* _What is needed_
Begin with the line below holding "Заворачиваем начинку (или" and go on through the line holding "323 Ivy Glen Court Winston-Salem, NC 27127", duplicating each line exactly and leaving out pictures.

Available records START

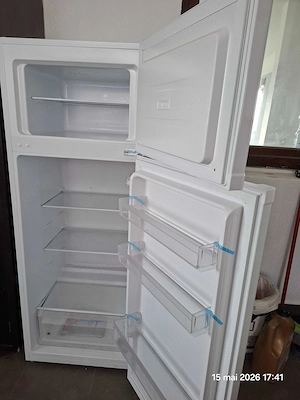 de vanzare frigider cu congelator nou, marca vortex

Available records END
Available records START

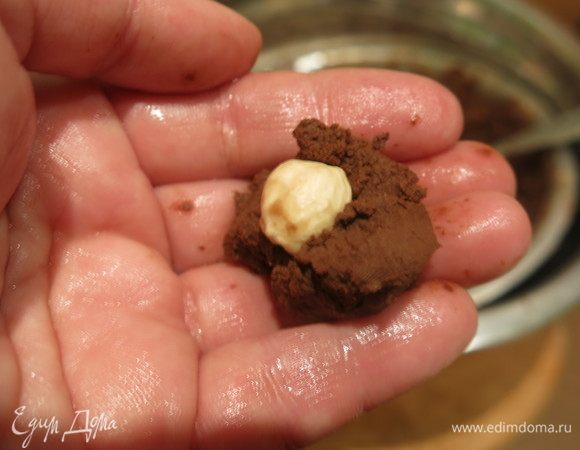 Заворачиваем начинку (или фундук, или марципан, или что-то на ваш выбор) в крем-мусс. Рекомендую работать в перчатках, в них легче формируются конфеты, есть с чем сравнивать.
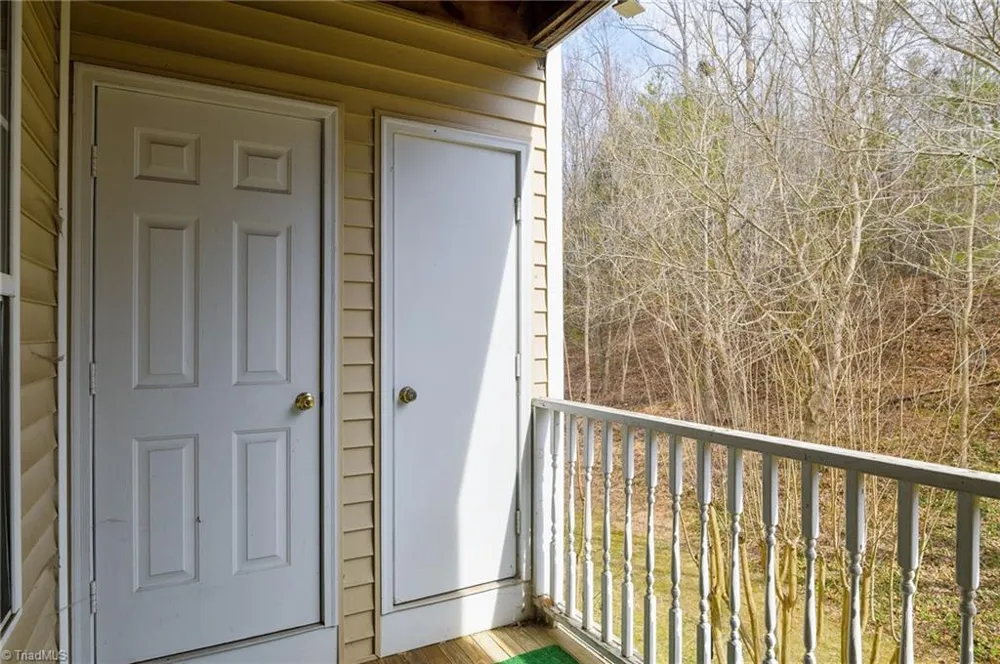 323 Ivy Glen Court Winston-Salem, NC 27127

Available records END

* _Reply to the exercise_
 Заворачиваем начинку (или фундук, или марципан, или что-то на ваш выбор) в крем-мусс. Рекомендую работать в перчатках, в них легче формируются конфеты, есть с чем сравнивать.
 323 Ivy Glen Court Winston-Salem, NC 27127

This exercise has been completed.